Fuelled since 2020 by soaring personal stock portfolios, easy access to low-interest cash and a pandemic-induced desire to avoid public airport cattle stalls, interest in flying privately has soared. However, recent metrics now suggest the white-hot market has begun to cool to a more manageable and sustainable level. Words by Brian Foley.
Shortly after the pandemic was declared, first-time users of private aircraft began to flock to the easiest access to personal flights — charter and fractional aircraft providers. These business models allow instant access to a fleet of planes without the hassle of buying and maintaining one. Some charter providers reported upwards of 50% of their business being booked by new clients who had never flown privately before.
The sudden rush of new customers made servicing these trip requests challenging for a finite network in a niche, capital-intensive industry sized for much lower utilisation. A few providers such as Berkshire Hathaway’s NetJets division were even forced to suspend further new charter sales just so they could provide an adequate service level to their existing clients.
Buying a used aircraft was another way for newcomers with the resources and commitment to take to the skies on their own terms. This trend proved so popular as to empty the supply of used aircraft on the market to all-time lows. This predictably caused prices to surge as it promptly became a seller’s market, often leaving only the choice of older, overpriced, ugly duckling jets with a laundry list of expensive maintenance requirements.
This frustration led some first-time buyers to the most expensive solution of them all — buying a brand-new plane. Just as the charter, fractional and pre-owned markets were inundated, so too had the manufacturers’ order books begin to swell. In 2021 Textron Aviation, maker of such private aircraft as the Cessna Citation business jet and King Air turboprop, reported that 20% of their customers were new to ownership. This sudden surge in interest caused the next-available buyer delivery slots to extend out to the 2025 timeframe and beyond at some manufacturers.
As with any extreme swings from market norms, these exceptional times weren’t to last forever. Early signs of the froth receding a bit — not catastrophically but in a manner that relieves an overworked market — have begun to appear.
The catalysts for this change have come in the forms of sagging stock and bond markets, inflation, rising interest rates, reduced virus anxiety and the looming threat of a recession. Flyers may not feel as rich or secure as they had been, and being a discretionary spend, cutting back or eliminating the relatively costly private flying expense is one way to shore up the finances at least mentally. With no strings attached when leaving charter, many business aircraft newbies have opted to go back to their economy plus airline seats.
As proof of this exodus, WINGX reports that branded charter activity in North America is now down 23% compared with year-ago levels and is even 5% below the pre-pandemic levels of 2019. Part of the reason for the quick turnaround is the ease at which one can decide whether to charter. It would appear that many of those first-time users were only interested in a one-time trip and were financially humbled by the $20,000 one-way ticket from New York to Palm Beach.
On the pre-owned aircraft side, the level of inventory has doubled in just the past six months according to AMSTAT. While still near historical lows, the availability of used jets is still well below traditional levels but with a noticeable upward change. Similarly, an industry that had seen some used airplane model prices spike by 80% or more are now seeing modest price decreases across the board. Inventory is expected to keep increasing after some of the newly minted used airplane owners get schooled in yearly maintenance and operating costs which can be many multiples of the sales price.
After a string of record-setting years, the association for the preowned aircraft market IADA reported a 6% decrease in sales transactions year-to-date through the third quarter in 2022 compared with the same period in 2021. Further decreases are likely to be in store as the 100% accelerated US tax depreciation benefit decreases to 80% in 2023 and even less beyond making the ownership proposition less compelling to certain buyers.

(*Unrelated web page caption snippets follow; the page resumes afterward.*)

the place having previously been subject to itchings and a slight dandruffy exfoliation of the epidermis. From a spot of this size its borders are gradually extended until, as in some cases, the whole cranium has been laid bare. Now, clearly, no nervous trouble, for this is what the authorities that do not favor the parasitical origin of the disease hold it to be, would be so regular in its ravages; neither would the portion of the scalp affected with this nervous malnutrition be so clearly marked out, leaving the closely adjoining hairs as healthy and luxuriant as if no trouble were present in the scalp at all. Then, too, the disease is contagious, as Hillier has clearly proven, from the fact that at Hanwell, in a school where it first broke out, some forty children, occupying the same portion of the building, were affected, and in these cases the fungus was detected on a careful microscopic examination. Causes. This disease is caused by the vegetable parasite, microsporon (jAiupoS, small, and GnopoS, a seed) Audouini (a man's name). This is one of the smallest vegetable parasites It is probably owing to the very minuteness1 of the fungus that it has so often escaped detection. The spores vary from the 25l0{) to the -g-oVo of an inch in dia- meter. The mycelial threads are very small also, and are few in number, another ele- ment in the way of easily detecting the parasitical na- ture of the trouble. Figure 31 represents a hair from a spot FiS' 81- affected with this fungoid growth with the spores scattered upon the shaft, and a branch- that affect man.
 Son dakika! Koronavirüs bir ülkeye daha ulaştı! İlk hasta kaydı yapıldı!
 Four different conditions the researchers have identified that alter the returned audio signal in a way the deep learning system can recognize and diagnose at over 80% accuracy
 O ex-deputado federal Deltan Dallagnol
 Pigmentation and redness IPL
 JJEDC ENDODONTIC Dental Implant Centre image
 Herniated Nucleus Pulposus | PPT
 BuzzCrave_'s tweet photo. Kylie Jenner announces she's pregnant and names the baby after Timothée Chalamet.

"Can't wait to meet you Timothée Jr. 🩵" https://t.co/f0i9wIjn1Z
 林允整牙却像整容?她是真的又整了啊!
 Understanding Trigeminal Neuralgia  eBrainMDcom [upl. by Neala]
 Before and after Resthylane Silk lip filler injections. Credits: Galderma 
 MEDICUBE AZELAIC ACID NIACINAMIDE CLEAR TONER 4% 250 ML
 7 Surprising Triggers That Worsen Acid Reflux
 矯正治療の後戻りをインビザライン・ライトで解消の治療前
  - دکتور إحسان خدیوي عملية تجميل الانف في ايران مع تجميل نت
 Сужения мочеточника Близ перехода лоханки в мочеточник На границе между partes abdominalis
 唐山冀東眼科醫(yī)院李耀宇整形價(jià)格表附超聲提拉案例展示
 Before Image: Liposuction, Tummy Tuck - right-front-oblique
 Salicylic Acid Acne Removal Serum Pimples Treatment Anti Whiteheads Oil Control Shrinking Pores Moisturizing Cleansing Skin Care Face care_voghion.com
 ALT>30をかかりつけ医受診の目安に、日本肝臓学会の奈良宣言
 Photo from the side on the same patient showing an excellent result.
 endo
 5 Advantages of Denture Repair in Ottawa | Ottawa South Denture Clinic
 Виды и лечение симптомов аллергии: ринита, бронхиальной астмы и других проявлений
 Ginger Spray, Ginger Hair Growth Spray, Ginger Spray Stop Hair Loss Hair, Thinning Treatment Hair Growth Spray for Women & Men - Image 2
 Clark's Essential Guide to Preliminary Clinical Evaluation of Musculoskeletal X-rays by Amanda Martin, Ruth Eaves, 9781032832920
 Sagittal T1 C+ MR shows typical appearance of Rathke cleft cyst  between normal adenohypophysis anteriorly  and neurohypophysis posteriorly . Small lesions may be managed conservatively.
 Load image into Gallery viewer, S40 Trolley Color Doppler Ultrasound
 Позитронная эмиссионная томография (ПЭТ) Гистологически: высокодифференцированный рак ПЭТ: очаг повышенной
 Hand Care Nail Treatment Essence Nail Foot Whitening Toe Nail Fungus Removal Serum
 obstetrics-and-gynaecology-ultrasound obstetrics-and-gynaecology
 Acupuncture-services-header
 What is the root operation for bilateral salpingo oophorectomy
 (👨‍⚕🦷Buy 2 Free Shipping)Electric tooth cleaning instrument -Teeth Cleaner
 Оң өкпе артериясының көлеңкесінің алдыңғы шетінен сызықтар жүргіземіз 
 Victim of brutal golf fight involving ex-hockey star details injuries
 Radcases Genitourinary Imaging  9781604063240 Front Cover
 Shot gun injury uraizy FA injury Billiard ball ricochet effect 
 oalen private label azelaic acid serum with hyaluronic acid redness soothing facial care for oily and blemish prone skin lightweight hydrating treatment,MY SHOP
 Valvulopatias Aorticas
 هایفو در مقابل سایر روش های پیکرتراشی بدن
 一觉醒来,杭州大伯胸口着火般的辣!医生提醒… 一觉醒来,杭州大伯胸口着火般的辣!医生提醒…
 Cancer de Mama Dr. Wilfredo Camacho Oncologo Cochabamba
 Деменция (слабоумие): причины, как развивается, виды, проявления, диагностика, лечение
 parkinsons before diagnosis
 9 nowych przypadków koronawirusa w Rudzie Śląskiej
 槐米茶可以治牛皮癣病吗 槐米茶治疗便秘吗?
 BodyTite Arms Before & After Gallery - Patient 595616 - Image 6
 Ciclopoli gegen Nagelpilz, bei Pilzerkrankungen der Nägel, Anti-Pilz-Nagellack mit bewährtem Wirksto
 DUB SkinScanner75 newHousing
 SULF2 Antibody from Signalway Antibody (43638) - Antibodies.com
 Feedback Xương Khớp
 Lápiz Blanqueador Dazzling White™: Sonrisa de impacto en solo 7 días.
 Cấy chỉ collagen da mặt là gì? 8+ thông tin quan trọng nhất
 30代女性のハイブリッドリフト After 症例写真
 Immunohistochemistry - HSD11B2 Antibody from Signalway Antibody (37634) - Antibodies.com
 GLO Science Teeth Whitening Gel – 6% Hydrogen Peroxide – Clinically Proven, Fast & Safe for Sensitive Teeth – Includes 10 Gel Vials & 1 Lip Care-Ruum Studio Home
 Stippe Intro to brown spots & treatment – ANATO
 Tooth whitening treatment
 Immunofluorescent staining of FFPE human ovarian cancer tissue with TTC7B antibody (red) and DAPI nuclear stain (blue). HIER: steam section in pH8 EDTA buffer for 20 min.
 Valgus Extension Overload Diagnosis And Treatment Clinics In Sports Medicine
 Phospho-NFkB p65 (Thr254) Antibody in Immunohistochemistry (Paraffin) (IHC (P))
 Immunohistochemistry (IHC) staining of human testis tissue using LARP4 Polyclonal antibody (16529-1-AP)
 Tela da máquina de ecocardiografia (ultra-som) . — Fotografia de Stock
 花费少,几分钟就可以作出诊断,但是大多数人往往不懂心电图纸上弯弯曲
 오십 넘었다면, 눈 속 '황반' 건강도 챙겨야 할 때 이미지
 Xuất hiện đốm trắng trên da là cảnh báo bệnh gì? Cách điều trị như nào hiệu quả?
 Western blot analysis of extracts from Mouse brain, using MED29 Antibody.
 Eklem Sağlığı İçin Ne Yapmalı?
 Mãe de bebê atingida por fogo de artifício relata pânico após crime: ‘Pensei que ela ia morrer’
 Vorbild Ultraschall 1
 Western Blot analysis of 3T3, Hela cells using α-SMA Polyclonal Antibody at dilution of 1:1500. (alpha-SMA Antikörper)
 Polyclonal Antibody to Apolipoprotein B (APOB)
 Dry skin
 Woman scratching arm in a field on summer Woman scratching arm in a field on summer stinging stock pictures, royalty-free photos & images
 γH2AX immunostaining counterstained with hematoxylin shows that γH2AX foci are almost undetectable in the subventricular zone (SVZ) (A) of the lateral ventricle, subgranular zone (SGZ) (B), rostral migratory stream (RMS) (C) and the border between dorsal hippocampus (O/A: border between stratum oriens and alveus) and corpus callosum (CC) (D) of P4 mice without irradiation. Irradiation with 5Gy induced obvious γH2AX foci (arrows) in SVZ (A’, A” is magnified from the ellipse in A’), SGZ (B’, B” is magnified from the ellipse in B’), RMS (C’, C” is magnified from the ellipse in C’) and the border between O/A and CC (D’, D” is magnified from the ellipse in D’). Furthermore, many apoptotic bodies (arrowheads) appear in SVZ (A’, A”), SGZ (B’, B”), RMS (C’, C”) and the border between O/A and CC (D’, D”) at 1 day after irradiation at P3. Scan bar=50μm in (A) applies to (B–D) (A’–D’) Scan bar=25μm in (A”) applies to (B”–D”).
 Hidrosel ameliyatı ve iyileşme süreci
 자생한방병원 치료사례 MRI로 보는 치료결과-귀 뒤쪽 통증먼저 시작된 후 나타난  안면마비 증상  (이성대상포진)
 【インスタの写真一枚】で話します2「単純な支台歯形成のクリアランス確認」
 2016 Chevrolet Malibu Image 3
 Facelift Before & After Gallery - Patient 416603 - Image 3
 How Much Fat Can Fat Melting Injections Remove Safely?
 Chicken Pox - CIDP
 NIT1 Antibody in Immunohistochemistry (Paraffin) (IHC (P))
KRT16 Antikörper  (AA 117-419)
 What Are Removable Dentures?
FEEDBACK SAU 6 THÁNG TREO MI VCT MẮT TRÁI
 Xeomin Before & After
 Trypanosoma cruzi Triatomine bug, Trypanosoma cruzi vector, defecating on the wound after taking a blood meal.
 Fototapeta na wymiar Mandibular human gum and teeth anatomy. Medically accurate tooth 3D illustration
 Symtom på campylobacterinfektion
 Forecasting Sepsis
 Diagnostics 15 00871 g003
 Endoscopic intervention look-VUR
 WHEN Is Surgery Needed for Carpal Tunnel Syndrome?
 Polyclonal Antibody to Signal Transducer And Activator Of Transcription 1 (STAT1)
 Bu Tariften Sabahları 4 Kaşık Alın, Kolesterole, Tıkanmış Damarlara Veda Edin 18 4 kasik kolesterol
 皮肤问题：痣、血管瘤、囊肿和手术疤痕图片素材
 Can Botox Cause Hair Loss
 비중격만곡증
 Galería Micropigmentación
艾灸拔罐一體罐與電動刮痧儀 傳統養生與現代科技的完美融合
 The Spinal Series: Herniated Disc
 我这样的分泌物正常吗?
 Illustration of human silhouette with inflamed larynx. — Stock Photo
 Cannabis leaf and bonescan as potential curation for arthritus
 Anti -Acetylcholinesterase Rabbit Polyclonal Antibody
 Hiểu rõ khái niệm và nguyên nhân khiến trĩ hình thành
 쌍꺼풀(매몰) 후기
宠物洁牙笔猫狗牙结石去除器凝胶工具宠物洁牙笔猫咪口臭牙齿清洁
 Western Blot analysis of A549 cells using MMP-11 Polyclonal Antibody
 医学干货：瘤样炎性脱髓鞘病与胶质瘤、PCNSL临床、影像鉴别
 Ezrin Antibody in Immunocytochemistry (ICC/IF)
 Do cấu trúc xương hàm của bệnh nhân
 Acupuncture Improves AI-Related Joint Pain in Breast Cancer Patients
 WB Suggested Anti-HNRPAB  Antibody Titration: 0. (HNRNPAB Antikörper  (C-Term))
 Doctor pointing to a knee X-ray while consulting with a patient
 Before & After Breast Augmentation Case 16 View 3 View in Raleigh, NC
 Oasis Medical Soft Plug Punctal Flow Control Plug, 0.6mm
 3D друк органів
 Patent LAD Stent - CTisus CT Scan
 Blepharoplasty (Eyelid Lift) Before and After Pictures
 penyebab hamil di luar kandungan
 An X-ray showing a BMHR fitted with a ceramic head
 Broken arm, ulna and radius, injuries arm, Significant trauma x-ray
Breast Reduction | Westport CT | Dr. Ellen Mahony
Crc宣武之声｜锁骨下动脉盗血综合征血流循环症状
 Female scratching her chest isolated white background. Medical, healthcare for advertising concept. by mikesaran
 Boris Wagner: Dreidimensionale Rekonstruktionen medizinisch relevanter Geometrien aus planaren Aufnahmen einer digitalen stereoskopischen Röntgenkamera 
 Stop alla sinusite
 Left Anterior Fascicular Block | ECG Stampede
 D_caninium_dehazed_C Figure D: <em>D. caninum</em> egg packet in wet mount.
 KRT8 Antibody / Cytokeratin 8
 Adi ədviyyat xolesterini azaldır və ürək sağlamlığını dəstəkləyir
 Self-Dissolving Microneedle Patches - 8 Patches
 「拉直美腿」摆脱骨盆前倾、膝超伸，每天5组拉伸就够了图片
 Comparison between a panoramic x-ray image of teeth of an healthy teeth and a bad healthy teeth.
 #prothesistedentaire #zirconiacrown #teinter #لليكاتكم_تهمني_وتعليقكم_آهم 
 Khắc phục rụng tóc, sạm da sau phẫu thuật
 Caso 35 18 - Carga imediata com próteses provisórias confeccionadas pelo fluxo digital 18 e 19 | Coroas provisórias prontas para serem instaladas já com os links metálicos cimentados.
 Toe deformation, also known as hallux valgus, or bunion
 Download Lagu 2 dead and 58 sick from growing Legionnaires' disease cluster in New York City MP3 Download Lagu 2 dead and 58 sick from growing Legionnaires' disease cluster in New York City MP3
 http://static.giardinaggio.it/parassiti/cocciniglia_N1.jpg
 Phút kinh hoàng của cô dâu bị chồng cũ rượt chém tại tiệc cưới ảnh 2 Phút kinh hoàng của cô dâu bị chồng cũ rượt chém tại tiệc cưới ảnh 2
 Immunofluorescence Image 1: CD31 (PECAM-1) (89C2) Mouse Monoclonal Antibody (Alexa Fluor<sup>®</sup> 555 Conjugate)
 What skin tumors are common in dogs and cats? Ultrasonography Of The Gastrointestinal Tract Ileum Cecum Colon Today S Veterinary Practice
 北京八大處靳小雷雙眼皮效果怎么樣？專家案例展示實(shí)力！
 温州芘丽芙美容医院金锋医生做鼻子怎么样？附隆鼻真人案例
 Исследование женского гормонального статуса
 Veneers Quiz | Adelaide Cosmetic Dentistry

New business jet makers have been seeing the recent downshift as well, as book-to-bill ratios, a measure of sales activity, declined somewhat. Despite this, backlogs have already swelled to multi-year highs, equivalent to a couple of years’ production. Benefitting are such OEMs as Dassault, Bombardier, Gulfstream, Embraer and Textron’s aviation division.
The reduction in charter activity coupled with fewer new and preowned aircraft sales indicates the peak has passed for the general public’s discovery and fascination with private aviation. This is frankly a relief for an industry that was never scaled to be a mass transit system and has been overwhelmed over the past couple of years.
The shift won’t come without some longer-term risks. Fractional providers, having been unable to meet the surge in demand for their charter programs, placed massive new airplane fleet orders with manufacturers. The stickiness of these orders remains to be seen as aviation newcomers become fewer and farther between. Another crack that could appear are for those charter/fractional companies that depend heavily on client growth to make their numbers or satisfy investors.
Regardless, my estimate is that less than 10% of those new to general aviation will remain in the fold, which still favorably raises the baseline obtainable market for the industry from this point forward. It took nothing less than a pandemic to finally shake this low-hanging fruit from the tree.